Extracted material.
____
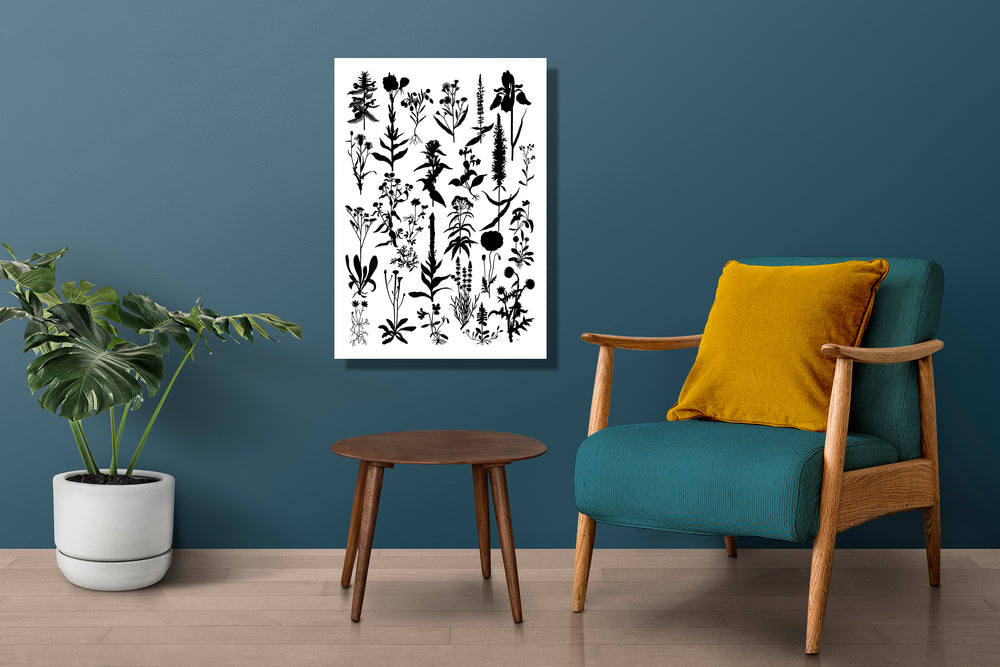 Wanddecoratie "Planten 2 in zwartwit"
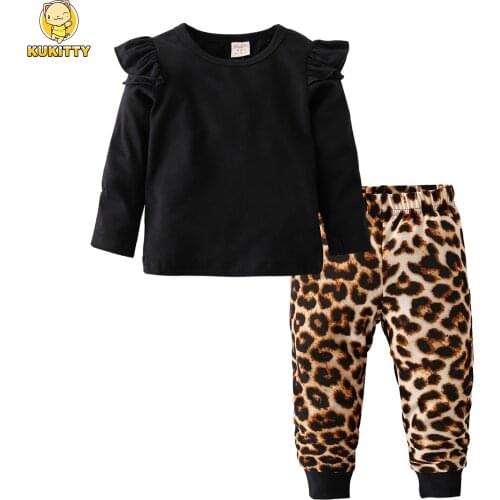 Fashion Cool Baby Girls Clothing Set Cotton Long Sleeve Black Tops+Leopard Pants Casual Toddler 2Pcs Newborn Baby Girls Clothes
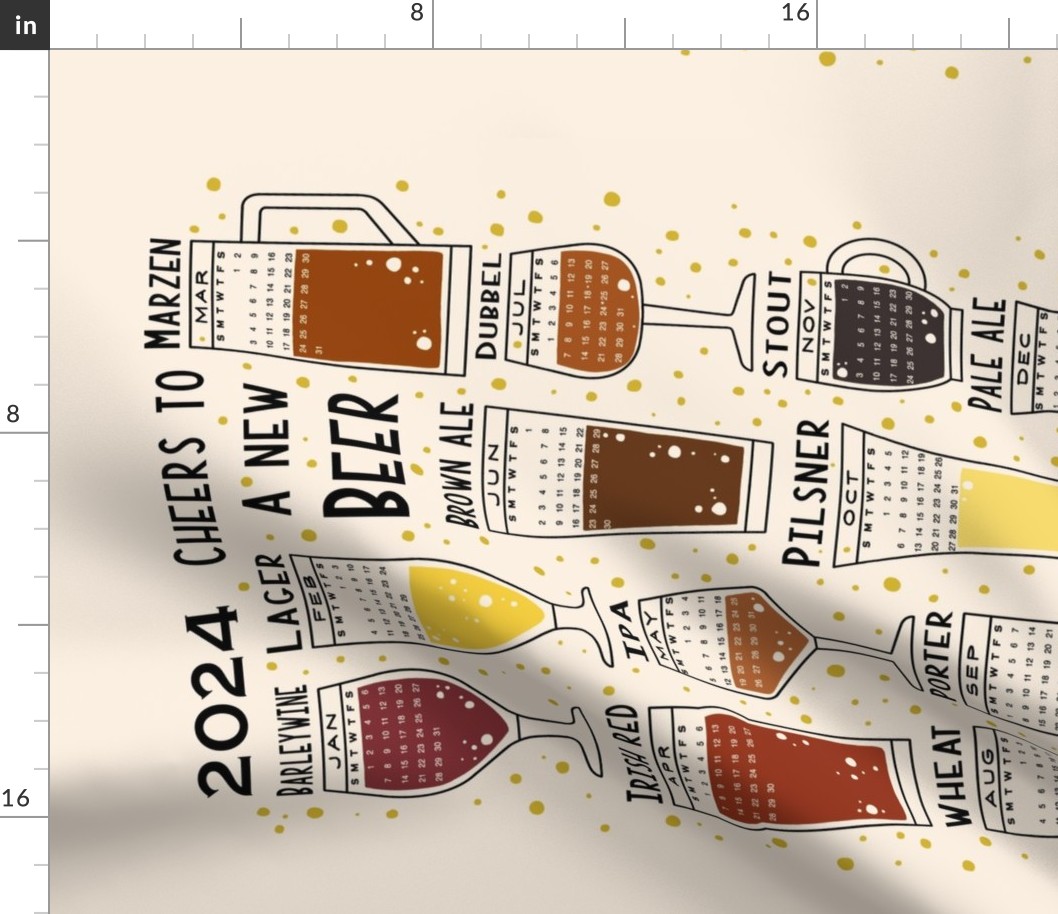 2024 Calendar - Cheers to a New Beer - cream - 2024 tea towel, calendar tea towel, 2024 calendars, beer, drinks calendar, beer calendar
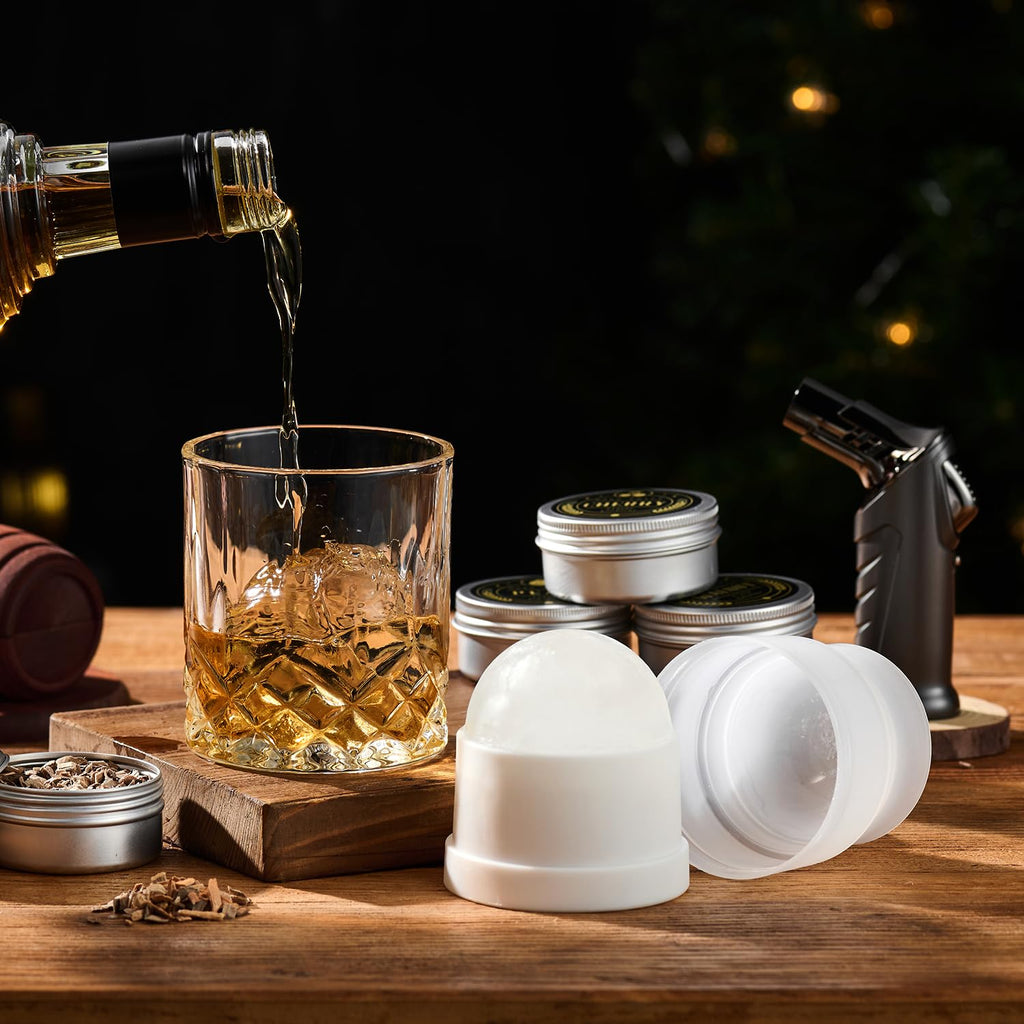 Kit para Ahumar Whisky y Cócteles – Ahumador con antorcha, chips de madera y vasos | Regalo original
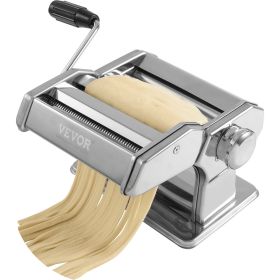 VEVOR Pasta Maker Machine, 9 Adjustable Thickness Settings Noodles Maker, Stainless Steel Noodle Rollers and Cutter, Manual Hand Press (Power Mode: Manually, With or Without Accessory: Yes)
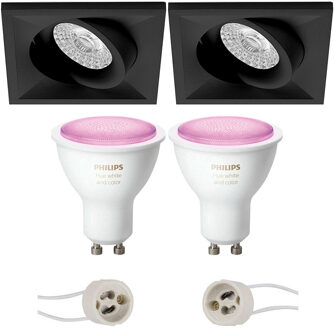 Pragmi Qiundo Pro - Inbouw Vierkant - Mat Zwart - Kantelbaar - 80mm - Philips Hue - LED Spot Set GU10 - White and Color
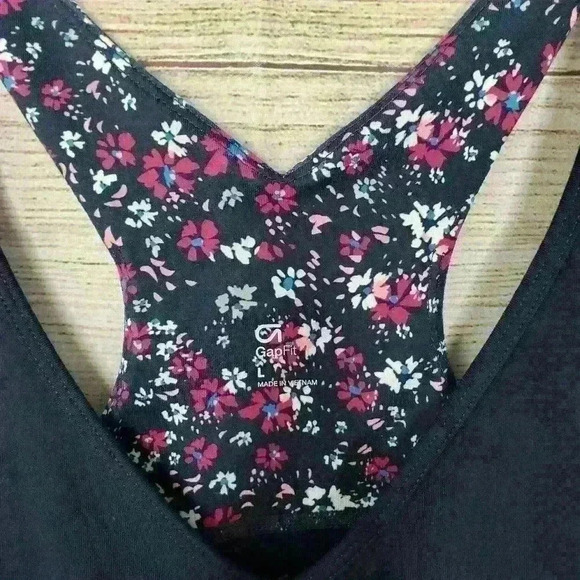 GAP FIT Tank DAISY PRINT Tank Colorblock Racer Back Navy Pink Flower size large - Picture 5 of 9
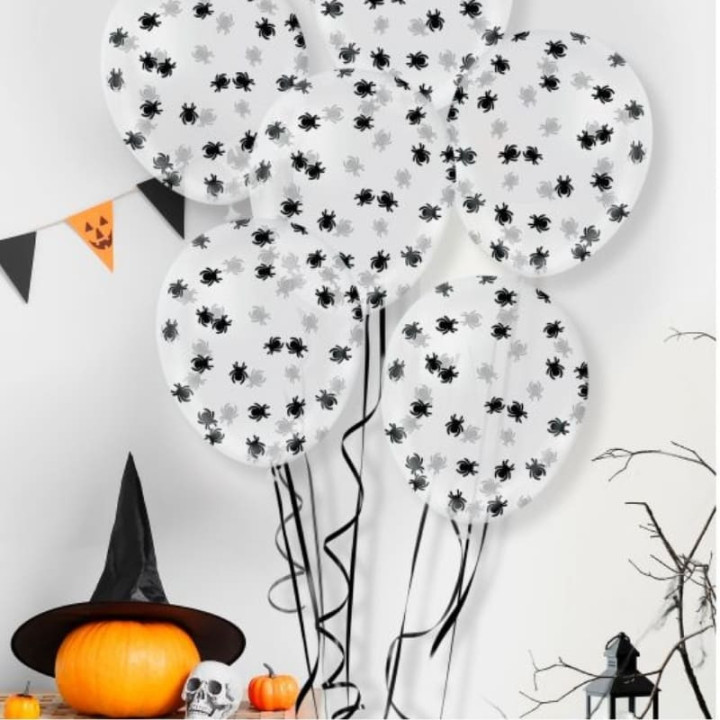 Ballons confettis araignée x10 - Décoration Halloween
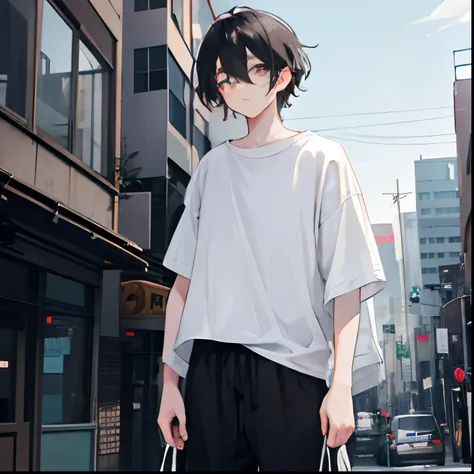 1 boy, black messy hair, tuby eyes, wearing gray baggy vintage pants, oversized white t-shirt, city, absurdres, high res, ultrasharp, 8k, masterpiece, looking at viewer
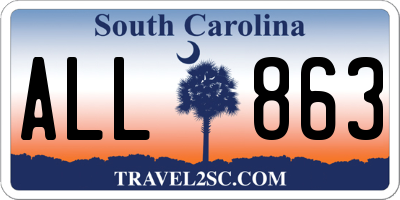 SC license plate ALL863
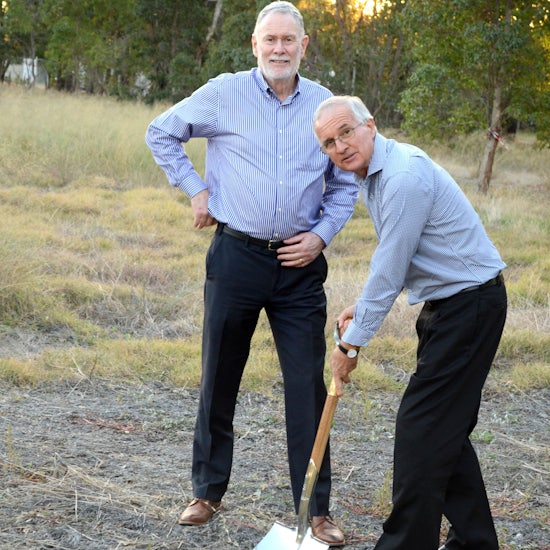 <p>Juniper Chief Executive Vaughan Harding (left) with Board Chair Fred Boshart turn the sod at the facility site in Martin</p>
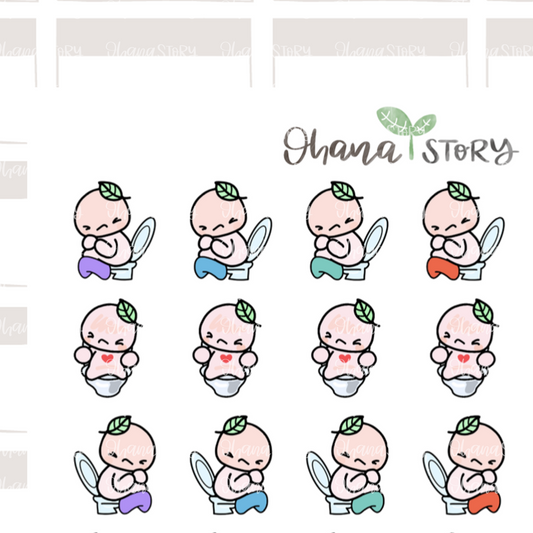 BUJI 256 | Constipation | Hand Drawn Planner Stickers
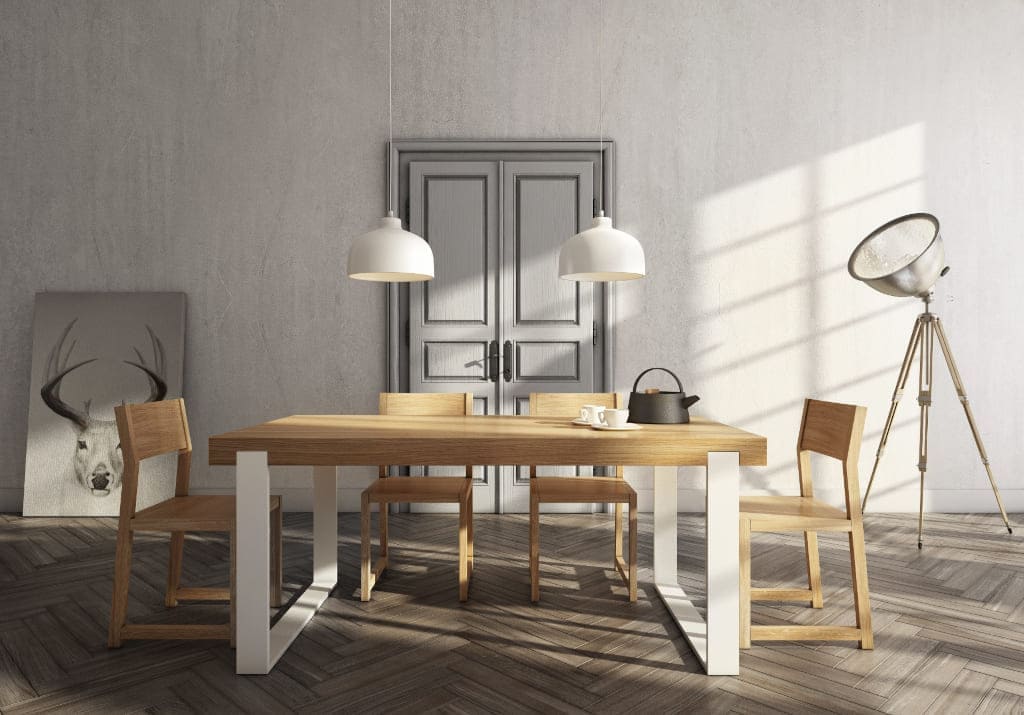 Nowoczesny stół do jadalni „Frame” poleca firma Miloni. Z masywnym blatem w kolorze „Natural” doskonale komponują się aluminiowe nogi w kolorze „Biały Mat”.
____
Exercise. The first line of the listing through the line with "Kit para Ahumar": repeat exactly that span and nothing more, skipping pictures.

Completed exercise.
 Wanddecoratie "Planten 2 in zwartwit"
 Fashion Cool Baby Girls Clothing Set Cotton Long Sleeve Black Tops+Leopard Pants Casual Toddler 2Pcs Newborn Baby Girls Clothes
 2024 Calendar - Cheers to a New Beer - cream - 2024 tea towel, calendar tea towel, 2024 calendars, beer, drinks calendar, beer calendar
 Kit para Ahumar Whisky y Cócteles – Ahumador con antorcha, chips de madera y vasos | Regalo original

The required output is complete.